Programming, science and art are forming an alliance on campus, and it’s coming in the form of the new School of Information.
In the past, information science has mostly been focused on libraries. That means anything from binding books to understanding various directory systems, such as the Library of Congress and Dewey Decimal Classification systems. While these systems of organization are still complex, relevant and needed, recent years have revealed new powers within the field of organizing data.
Enter the concept of the iSchool.
“iSchools are driven by an interest in interdisciplinary application of information within society,” said Dr. Bryan Heidorn, the director of the new School of Information and associate professor for the School of Information Resources and Library Science. “We’re not interested in the computer; it’s a handy tool. We’re interested in the information itself.”
The iSchool will offer three new majors: a Bachelor of Arts in Information Science and Arts, which focuses on the interaction of data with fields such as dance, music and illustration; a Bachelor of Arts in Information Science and eSociety, which focuses on how people create and use identities and information on the Internet; and a Bachelor of Science in Information Science and Technology, which focuses more on programming.
Researching further into it, this new merger between information and systems manipulation within the depths of data seems to be something of a topsy-turvy wonderland. Heidorn researches “dark data,” which has implications on how businesses are run and how scientific research is conducted. Dark data can sometimes refer to information on crime, but in this case it stands for information lying around on the floppy disks, USBs and hard drives that are in a state of neglect.

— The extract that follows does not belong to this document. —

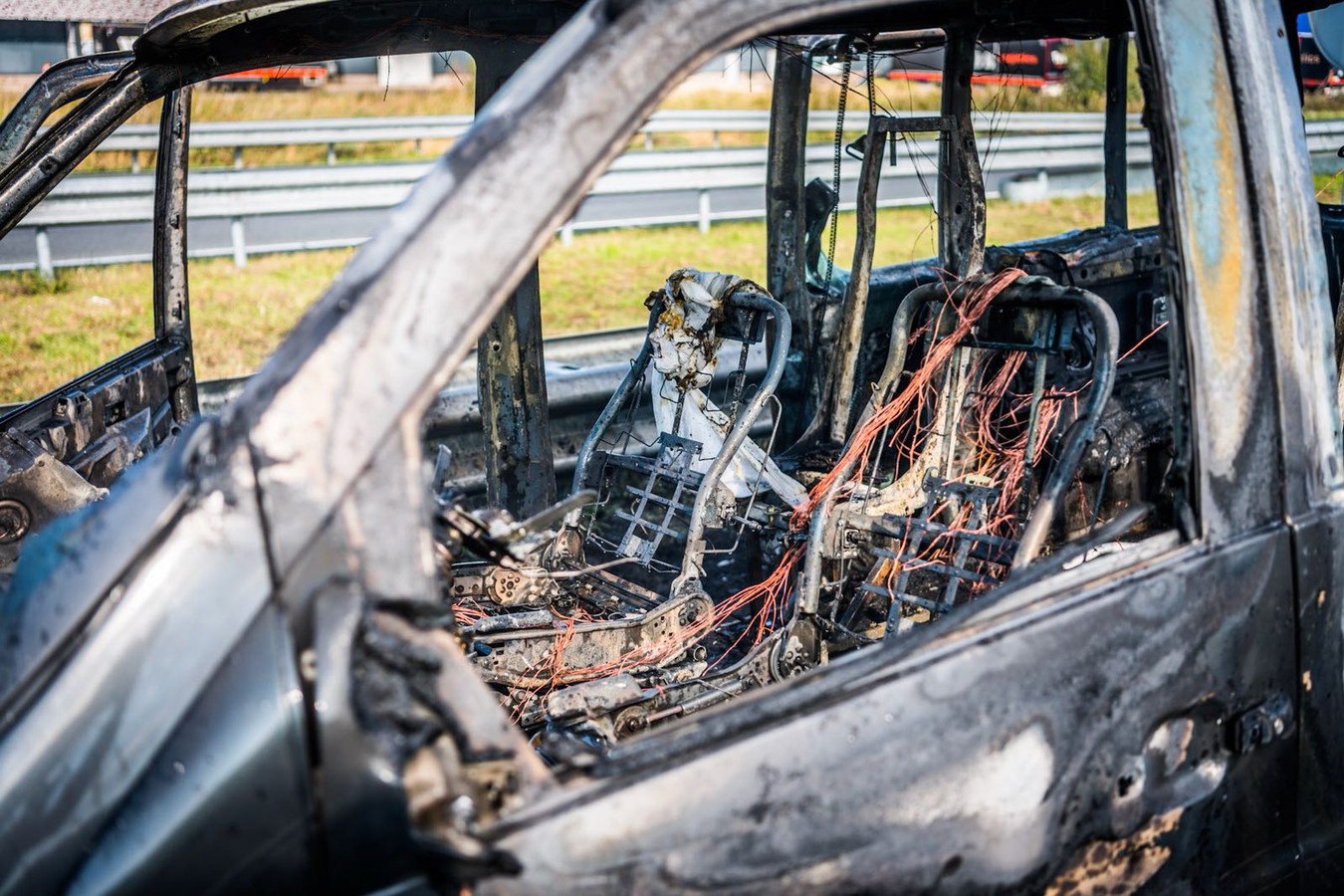Autobrand op A50 bij Eindhoven Foto ed.nl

“[Say] the undergraduates and researchers are long gone. The professor looks at [the dark data] and asks, ‘What was my student, Fred, thinking when they made this data?’ It’s dark, it’s sitting in the bottom-left-hand desk drawer,” Heidorn said.

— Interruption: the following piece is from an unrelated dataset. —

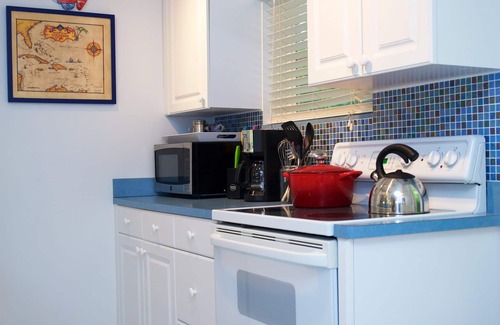 Hillsboro Beach Villa | Resort Villa, Private Oceanfront Beach, Heated Pool, IntraCoastal Gathering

The peril is that this information is not available to those wading in the greater ocean of the World Wide Web, where it can be synthesized with other data to come to both useful and unexpected conclusions.

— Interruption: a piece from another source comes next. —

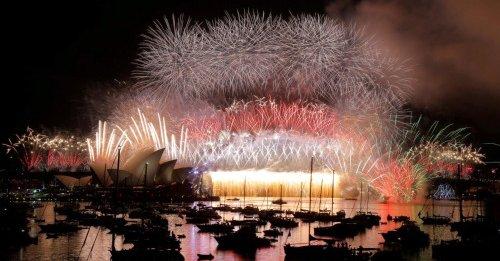 Focuri de artificii spectaculoase la Sydney pentru celebrarea trecerii în noul an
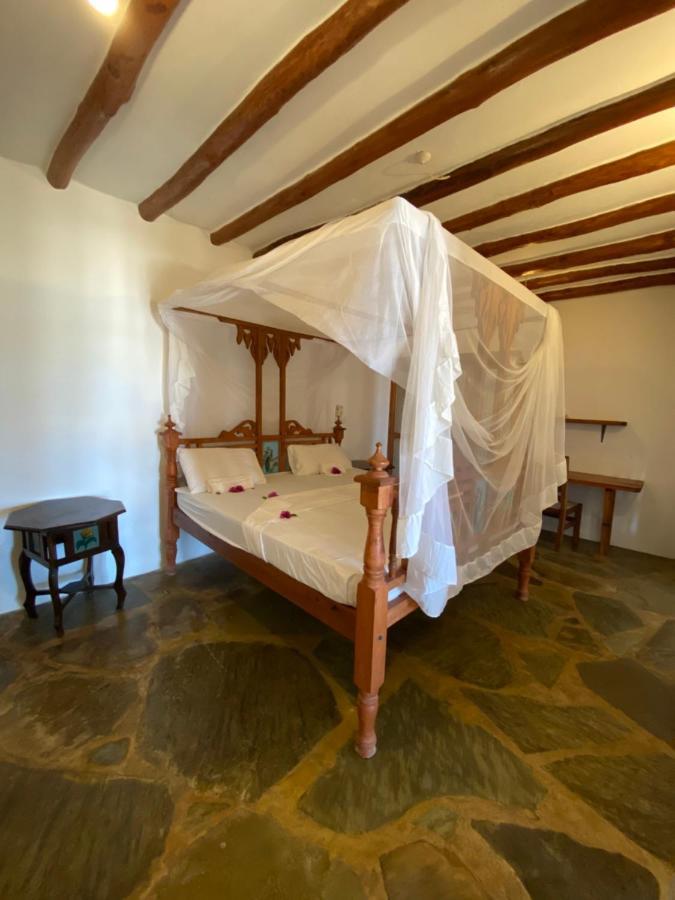 Silver Rock Hotel Malindi Extérieur photo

“We want to find that data and give it a home protected in the hub,” Heidorn said.
Cassandra Rodriguez, a graduate student under Heidorn, is working on her own version of these useful and unexpected conclusions. In view of the recent tragedies and ongoing struggle with mass shootings in our country, Rodriguez is turning to social media to analyze mental health.
“Mental health is obviously a very important topic that is barely now gaining at least some of the attention that it needs, but we are nowhere near where we need to be in this country in terms of addressing these issues and making sustainable change,” Rodriquez wrote in an email.
Rodriguez said she hopes to bring us closer with her research.
“Dr. Heidorn and I began to discuss ideas revolving around being able to perform sentiment analyses on [social media posts] to be a little more proactive about recognizing the problem sooner,” she wrote. “[It] would essentially identify and categorize different words based on their level of emotion.”
Rodriguez’s tool of choice is natural language processing, a field of study that makes spoken language more or less programmable. It is the same technique that converts your text commands into symbolic equations on sites such as Wolfram Alpha or Google search.
“The computer would be able to extrapolate any posts that had a certain amount of high-frequency emotional words,” Rodriguez said.
Of course, this research comes with its fair share of privacy concerns. Are only peers allowed to run the text posts through sentiment analyses and send it to superiors? Should there be someone specifically in charge of monitoring social media accounts at every school? While the struggle to perfect both method and ethics is ongoing, Rodriguez’s work embodies just what Heidorn is talking about when he pushes for both logical talent, as well as creativity and activism.
“Information scientists need to be one part computer programmer and mathematician, one-third creative sort of creative visualizer and one-third the discipline you’re trying to analyze,” Heidorn said. “We need some really strong programming-skilled people to participate, but we need them to work with people in the real world.”